* Records for this task:
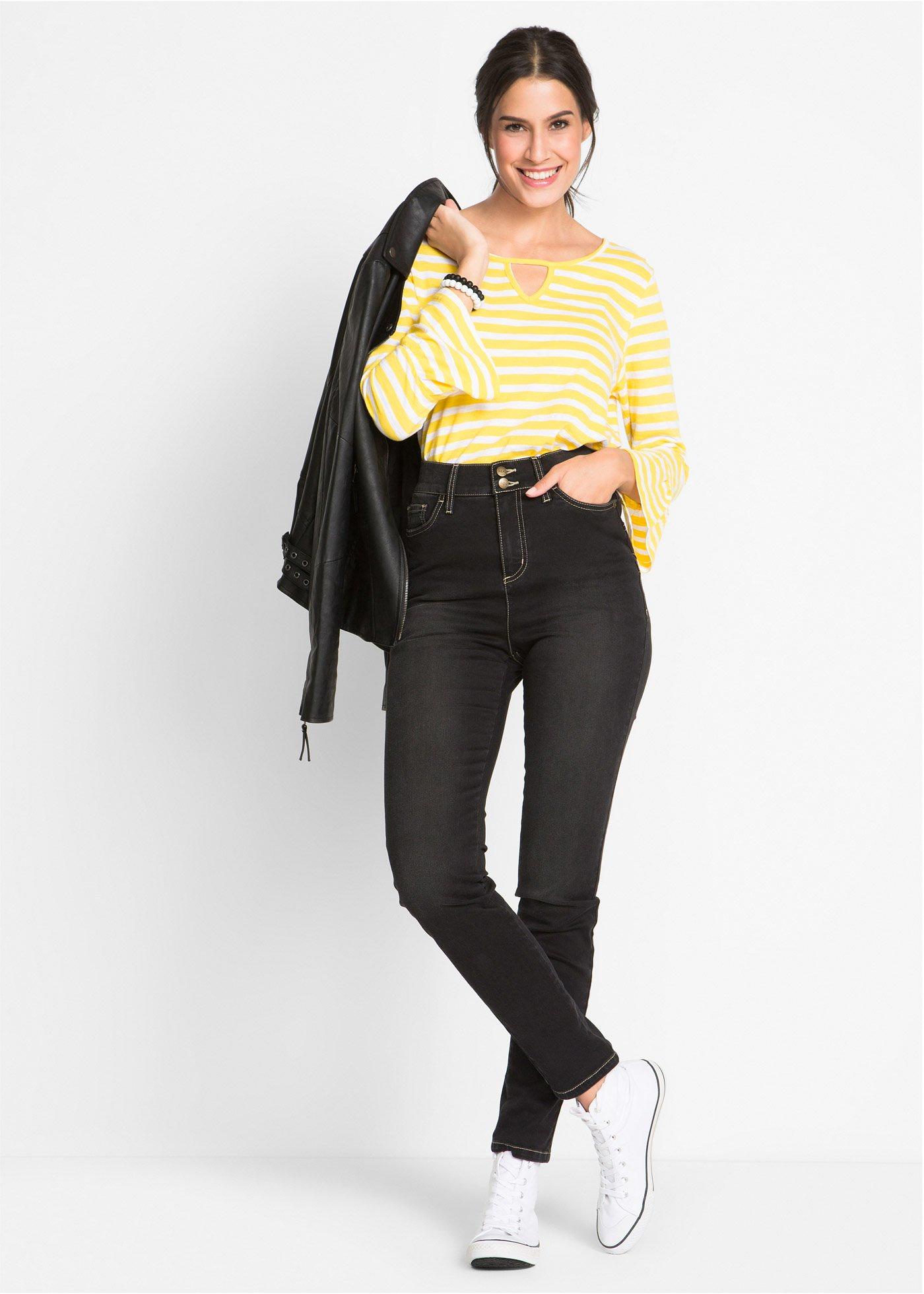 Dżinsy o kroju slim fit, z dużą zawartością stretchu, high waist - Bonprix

...

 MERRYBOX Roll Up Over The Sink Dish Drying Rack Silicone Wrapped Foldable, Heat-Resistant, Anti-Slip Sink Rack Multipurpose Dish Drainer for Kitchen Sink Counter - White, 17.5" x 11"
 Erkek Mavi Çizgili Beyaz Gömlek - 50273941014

* What to produce:
Retype the portion of the data above that starts on the line with "MERRYBOX Roll Up" and finishes on the line with "Erkek Mavi Çizgili", including both of those lines.

* Response:
 MERRYBOX Roll Up Over The Sink Dish Drying Rack Silicone Wrapped Foldable, Heat-Resistant, Anti-Slip Sink Rack Multipurpose Dish Drainer for Kitchen Sink Counter - White, 17.5" x 11"
 Erkek Mavi Çizgili Beyaz Gömlek - 50273941014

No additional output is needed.